El 20 de diciembre de 2001 me la pasé inmóvil frente al televisor, viendo, escuchando, con el asombro que aparecía ante una escena violenta que acaecía en el centro de Buenos Aires, a la que casi de inmediato sucedía otra, igual de terrible, acaso con la única diferencia en el vehículo que utilizaban los que pegaban: ahora en caballos, con los que cargaban contra la gente que manifestaba en la Plaza de Mayo; o por parejas en cada moto, que frenaba, se bajaba el de atrás y castigaba a palazos; a pie y en grupo, con escudos entre los que cada tanto asomaban los tiradores que arrojaban balas de goma o plomo, de acuerdo a lo que te tocara.
Así todo hasta las patéticas apariciones de los funcionarios de De la Rúa, el aviso de la renuncia de Cavallo, o el propio presidente que se fugaba.
Todo eso me aparece en un borbotón, confuso, recuerdo el calor que se advertía en las imágenes de ese día de infierno y muerte.

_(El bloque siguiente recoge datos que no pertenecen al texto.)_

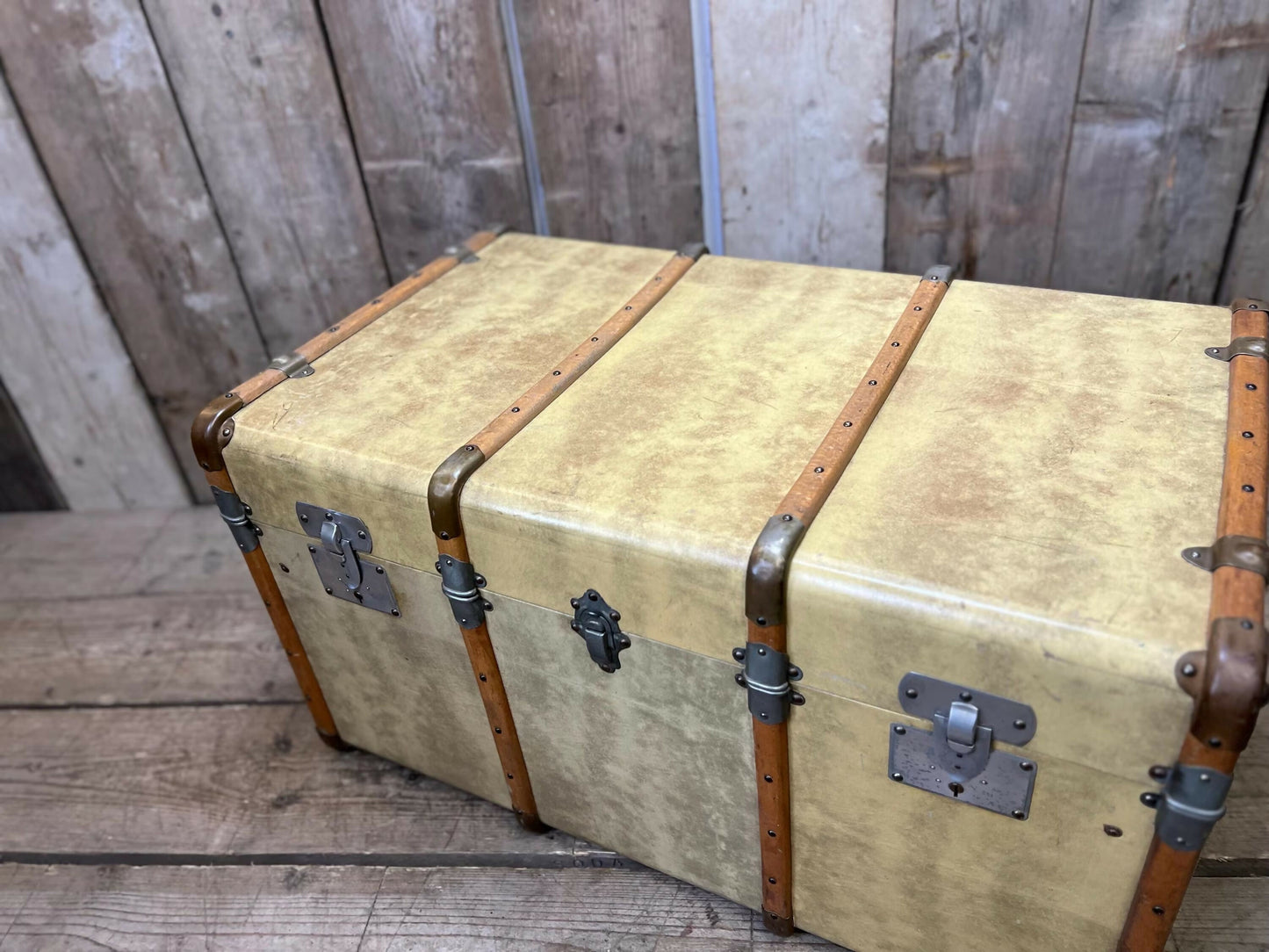 antique beige leather banded travel trunk with keys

Sin embargo, lo que sí quedó grabado en mi memoria fueron escenas del día anterior. El 19 de diciembre de 2001 explotaba medio país, pero no –aún– Buenos Aires, por lo que las noticias, como en buen país en donde casi todo se cocina en la Capital, eran menos, y más lerdas, en ese entonces lejos de la inmediatez eléctrica de las redes sociales.

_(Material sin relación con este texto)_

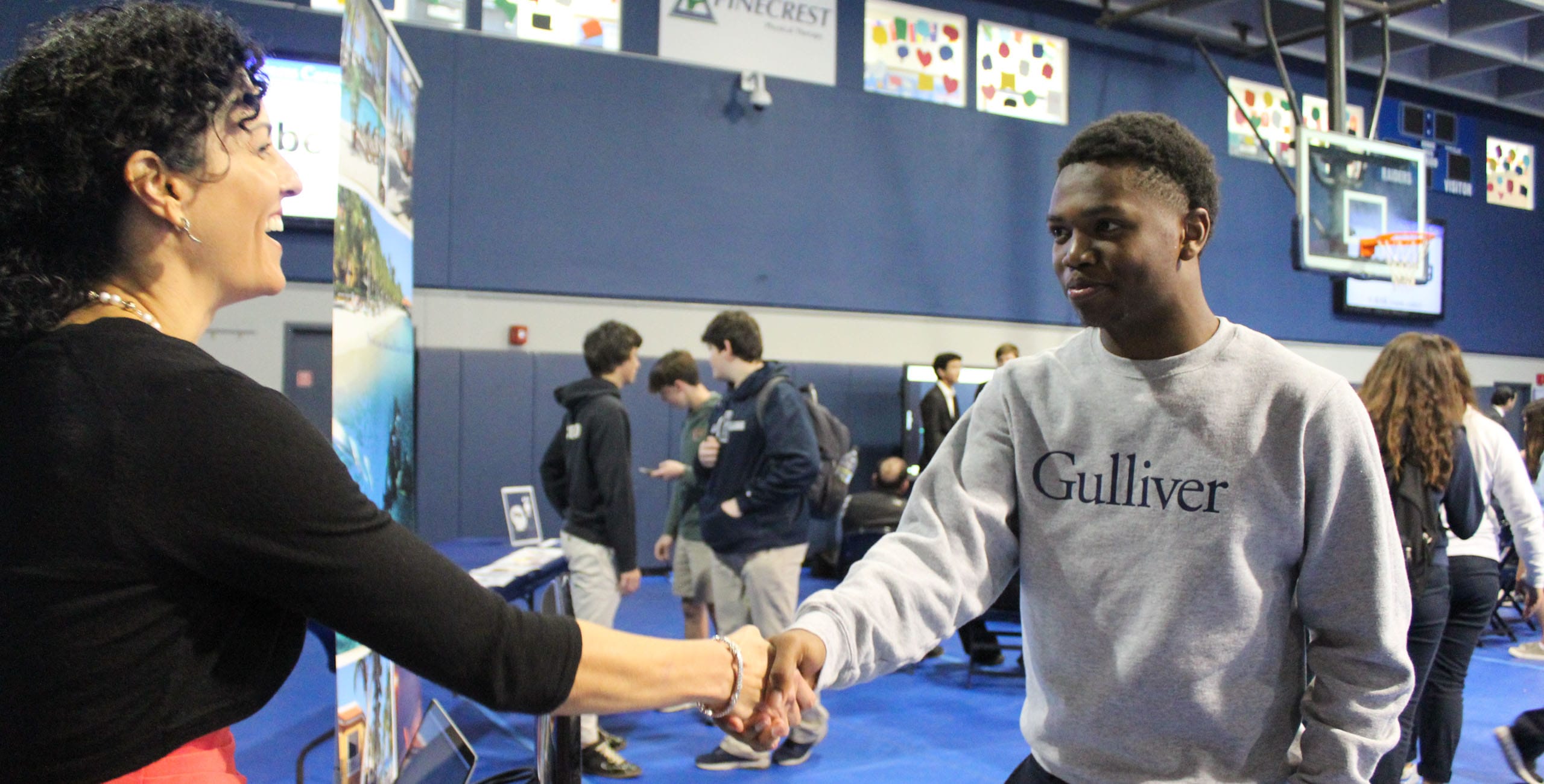 Student shaking hands with a woman at a business fair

Ese día, lo que escuchábamos en Cañada era, sobre todo, referido a saqueos en Rosario, una historia que ya habíamos conocido poco más de una década atrás. Después supimos lo de las muertes a mansalva, entre ellas la de Pocho Lepratti, desde entonces inmortalizado como símbolo de amor desinteresado por los demás.
El 19 a la tardecita fuimos con el coro al Hospital, para hacer villancicos, música que constituye la práctica habitual en esta época del año. Recuerdo que con la Agrupación Vocal Abierta cantamos formados en la escalinata del San José, de frente a la calle, donde se habían colocado sillas en la que se sentaron vecinos, personal, alguna autoridad, que antes de escucharnos asistieron al mensaje de un sacerdote.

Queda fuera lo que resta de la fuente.